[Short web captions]
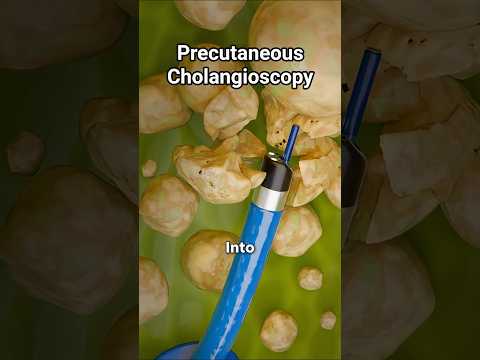 How Do Doctors Remove Gallbladder Stones Without Surgery?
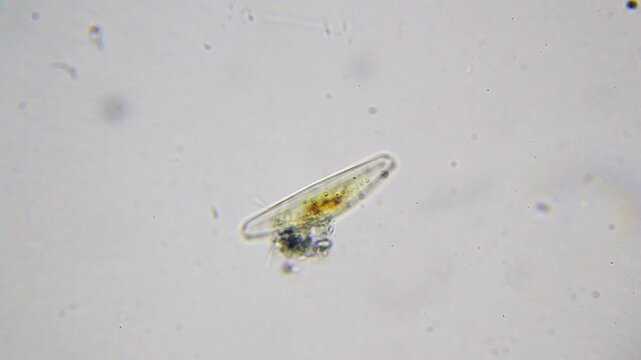 Immobile diatom algae under 400x bright field microscopy. 4K scientific microscopy footage.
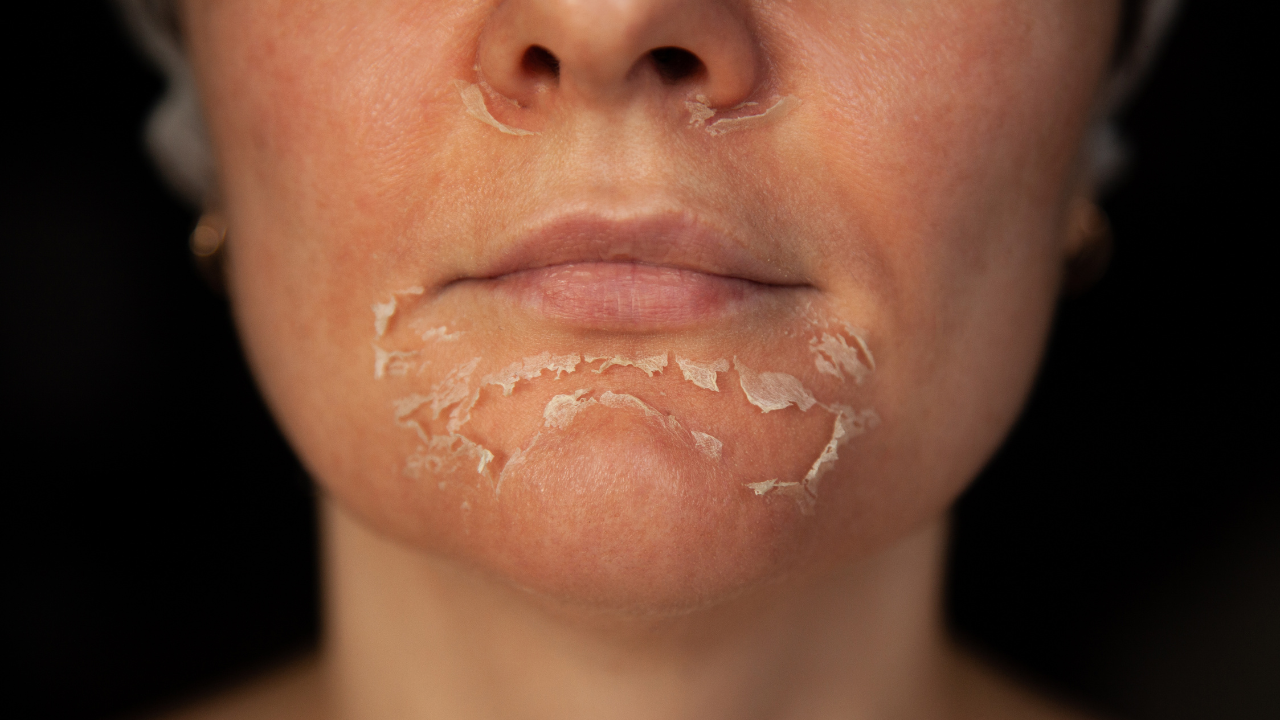 How to Treat Dry Skin: A Step-by-Step Guide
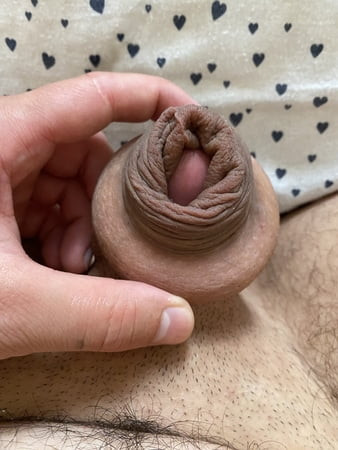 Foreskin extending with donut ring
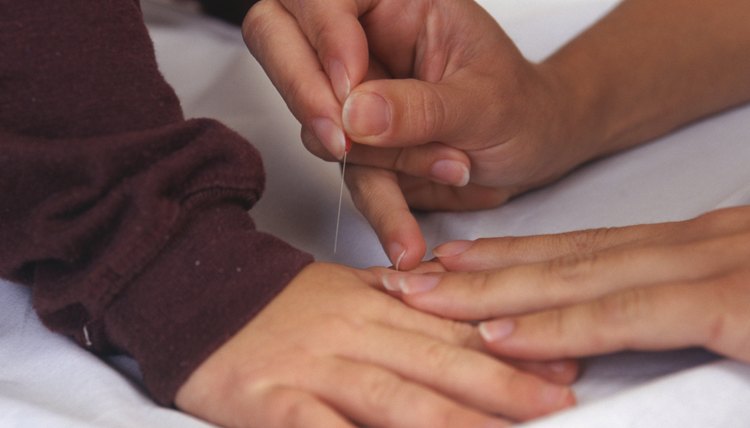 Person having acupuncture on hands, close-up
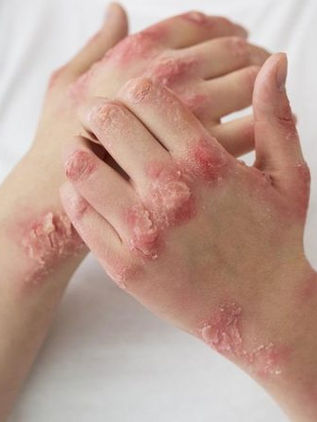 ¿Cómo afecta la psoriasis a la familia de quien la padece?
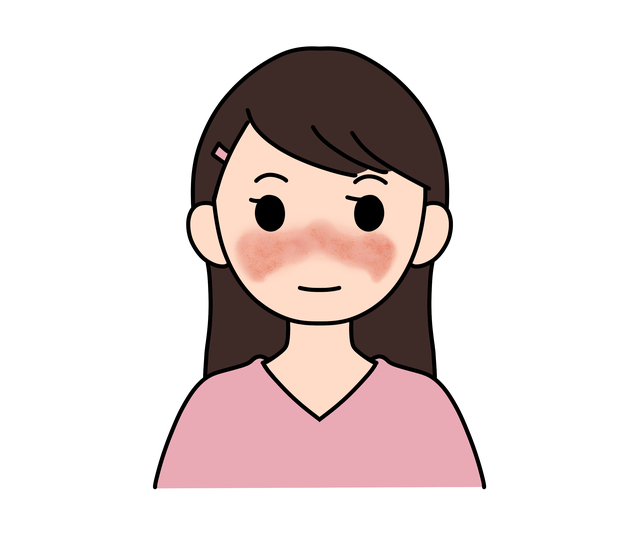 全身性エリテマトーデス（SLE）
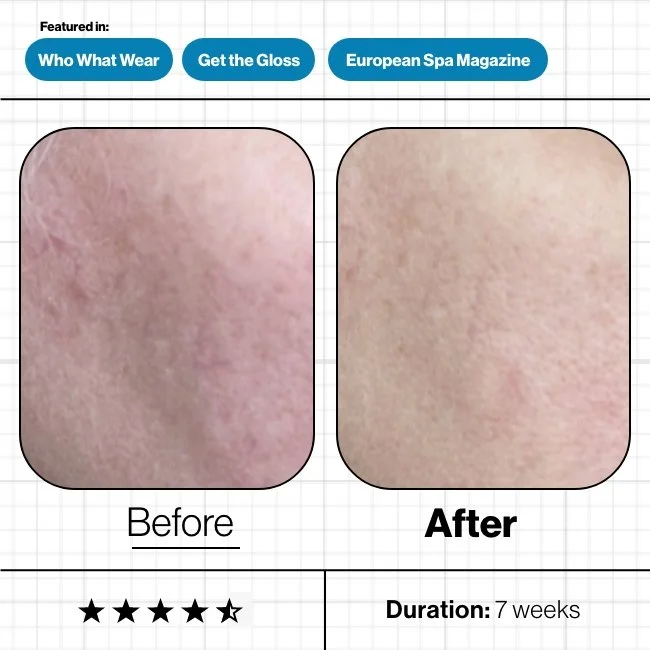 Advanced Nutrition Programme - Comparison of skin showing a 'Before' and 'After' of skincare results, with clearer skin in the 'After' image, indicating improvement over 7 weeks.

Problem →
Reproduce the data above in full, exactly as it is, with the pictures left out.

Response for this exercise →
 How Do Doctors Remove Gallbladder Stones Without Surgery?
 Immobile diatom algae under 400x bright field microscopy. 4K scientific microscopy footage.
 How to Treat Dry Skin: A Step-by-Step Guide
 Foreskin extending with donut ring
 Person having acupuncture on hands, close-up
 ¿Cómo afecta la psoriasis a la familia de quien la padece?
 全身性エリテマトーデス（SLE）
 Advanced Nutrition Programme - Comparison of skin showing a 'Before' and 'After' of skincare results, with clearer skin in the 'After' image, indicating improvement over 7 weeks.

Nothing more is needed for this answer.